[Scraped caption text data]
== == ==
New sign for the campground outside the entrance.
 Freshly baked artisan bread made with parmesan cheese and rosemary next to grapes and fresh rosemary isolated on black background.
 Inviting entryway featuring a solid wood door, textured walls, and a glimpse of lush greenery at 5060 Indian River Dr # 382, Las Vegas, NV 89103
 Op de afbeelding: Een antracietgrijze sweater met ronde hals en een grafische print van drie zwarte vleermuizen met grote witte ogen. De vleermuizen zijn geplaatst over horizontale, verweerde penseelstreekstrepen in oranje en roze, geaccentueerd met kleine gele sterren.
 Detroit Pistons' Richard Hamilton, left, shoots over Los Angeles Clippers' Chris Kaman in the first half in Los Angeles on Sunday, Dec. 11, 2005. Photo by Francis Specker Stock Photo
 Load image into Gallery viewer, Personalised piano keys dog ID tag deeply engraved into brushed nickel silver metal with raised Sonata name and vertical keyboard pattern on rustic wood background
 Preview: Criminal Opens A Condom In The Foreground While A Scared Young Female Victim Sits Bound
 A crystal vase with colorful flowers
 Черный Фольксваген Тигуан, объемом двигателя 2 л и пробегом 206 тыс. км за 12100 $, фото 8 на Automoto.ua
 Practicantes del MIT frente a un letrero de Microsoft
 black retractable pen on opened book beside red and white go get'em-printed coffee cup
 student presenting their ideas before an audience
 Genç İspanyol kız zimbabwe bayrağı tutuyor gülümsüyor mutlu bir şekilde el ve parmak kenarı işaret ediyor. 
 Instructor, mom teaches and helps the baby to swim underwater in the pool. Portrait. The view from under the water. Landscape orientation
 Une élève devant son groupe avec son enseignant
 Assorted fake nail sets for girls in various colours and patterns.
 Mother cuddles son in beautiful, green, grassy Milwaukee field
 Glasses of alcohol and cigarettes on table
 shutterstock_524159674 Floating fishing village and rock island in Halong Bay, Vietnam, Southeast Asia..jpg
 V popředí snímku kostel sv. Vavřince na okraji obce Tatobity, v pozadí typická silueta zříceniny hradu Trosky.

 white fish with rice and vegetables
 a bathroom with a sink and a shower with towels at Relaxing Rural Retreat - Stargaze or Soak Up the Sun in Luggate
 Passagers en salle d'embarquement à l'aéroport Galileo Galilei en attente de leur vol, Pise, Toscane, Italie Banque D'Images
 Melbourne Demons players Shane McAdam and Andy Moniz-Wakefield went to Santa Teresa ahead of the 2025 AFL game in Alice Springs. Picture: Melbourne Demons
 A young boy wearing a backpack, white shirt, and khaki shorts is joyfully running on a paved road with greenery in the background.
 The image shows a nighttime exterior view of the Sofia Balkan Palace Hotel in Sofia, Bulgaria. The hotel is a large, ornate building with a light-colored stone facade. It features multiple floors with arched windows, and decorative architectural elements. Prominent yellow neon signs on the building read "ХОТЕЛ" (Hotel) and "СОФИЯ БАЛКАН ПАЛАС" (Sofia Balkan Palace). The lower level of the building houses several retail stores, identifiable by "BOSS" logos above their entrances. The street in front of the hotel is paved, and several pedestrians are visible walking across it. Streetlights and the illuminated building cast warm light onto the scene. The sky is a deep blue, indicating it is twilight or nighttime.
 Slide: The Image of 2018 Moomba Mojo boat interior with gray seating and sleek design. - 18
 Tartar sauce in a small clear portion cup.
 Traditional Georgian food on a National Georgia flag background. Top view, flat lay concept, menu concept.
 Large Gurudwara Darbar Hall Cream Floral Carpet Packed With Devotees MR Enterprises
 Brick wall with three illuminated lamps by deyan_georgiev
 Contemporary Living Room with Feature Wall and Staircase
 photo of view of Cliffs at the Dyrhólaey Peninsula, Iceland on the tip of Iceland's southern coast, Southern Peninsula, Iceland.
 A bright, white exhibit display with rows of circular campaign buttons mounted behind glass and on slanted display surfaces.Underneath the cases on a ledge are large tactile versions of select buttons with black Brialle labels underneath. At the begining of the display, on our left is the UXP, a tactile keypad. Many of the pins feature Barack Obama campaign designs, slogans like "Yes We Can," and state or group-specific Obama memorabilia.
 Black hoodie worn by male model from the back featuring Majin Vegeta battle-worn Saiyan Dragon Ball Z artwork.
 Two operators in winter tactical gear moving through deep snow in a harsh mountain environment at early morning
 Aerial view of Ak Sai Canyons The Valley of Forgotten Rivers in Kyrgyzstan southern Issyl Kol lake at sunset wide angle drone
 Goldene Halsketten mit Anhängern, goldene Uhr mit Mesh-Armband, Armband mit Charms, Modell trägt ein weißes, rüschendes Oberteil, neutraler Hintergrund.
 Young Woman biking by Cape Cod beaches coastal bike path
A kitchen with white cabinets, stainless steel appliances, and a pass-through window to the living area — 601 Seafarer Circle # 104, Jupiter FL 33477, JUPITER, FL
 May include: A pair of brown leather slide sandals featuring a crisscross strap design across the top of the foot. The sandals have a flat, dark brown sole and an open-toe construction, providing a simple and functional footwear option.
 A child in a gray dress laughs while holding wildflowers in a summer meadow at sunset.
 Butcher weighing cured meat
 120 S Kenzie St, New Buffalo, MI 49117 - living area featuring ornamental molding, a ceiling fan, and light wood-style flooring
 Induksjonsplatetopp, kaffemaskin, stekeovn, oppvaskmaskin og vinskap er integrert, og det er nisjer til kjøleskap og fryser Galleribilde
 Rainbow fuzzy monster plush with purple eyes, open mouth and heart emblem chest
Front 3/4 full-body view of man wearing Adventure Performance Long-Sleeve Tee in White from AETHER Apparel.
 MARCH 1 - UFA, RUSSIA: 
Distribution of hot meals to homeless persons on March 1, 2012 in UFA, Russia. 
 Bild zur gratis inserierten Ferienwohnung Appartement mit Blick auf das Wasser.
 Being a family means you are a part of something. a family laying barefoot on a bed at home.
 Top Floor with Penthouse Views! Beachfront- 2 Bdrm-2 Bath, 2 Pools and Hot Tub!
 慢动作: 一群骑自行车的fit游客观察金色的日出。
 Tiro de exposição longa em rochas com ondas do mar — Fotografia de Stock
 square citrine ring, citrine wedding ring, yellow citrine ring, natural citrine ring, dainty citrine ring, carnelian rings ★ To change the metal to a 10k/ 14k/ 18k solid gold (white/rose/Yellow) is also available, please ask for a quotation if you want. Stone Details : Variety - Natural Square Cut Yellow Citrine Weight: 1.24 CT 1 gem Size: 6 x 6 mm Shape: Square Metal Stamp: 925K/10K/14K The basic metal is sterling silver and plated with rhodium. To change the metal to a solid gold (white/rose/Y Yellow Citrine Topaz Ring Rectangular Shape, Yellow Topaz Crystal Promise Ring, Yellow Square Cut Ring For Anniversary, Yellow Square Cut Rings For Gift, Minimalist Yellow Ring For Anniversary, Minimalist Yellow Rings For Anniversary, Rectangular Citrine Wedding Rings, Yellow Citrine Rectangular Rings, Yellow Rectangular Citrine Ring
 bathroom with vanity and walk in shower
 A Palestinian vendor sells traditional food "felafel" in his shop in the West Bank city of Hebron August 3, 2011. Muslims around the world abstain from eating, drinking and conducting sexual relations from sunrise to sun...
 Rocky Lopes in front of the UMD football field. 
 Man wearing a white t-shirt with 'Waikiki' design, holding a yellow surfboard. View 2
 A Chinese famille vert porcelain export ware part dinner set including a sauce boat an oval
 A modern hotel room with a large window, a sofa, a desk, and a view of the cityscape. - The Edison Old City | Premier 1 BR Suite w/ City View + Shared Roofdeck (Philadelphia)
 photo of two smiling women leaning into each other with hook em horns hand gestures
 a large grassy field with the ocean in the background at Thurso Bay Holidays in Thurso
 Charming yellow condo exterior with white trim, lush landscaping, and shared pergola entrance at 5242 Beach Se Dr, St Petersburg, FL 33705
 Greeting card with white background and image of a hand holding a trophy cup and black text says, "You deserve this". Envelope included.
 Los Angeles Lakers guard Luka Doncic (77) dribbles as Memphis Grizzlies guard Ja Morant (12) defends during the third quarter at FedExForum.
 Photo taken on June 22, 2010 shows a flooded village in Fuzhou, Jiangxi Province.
== == ==
Goal of the exercise: Going back over the entries above, copy word for word every line from the one that has "a bathroom with" on through the one that has "Passagers en salle".

Result below:
 a bathroom with a sink and a shower with towels at Relaxing Rural Retreat - Stargaze or Soak Up the Sun in Luggate
 Passagers en salle d'embarquement à l'aéroport Galileo Galilei en attente de leur vol, Pise, Toscane, Italie Banque D'Images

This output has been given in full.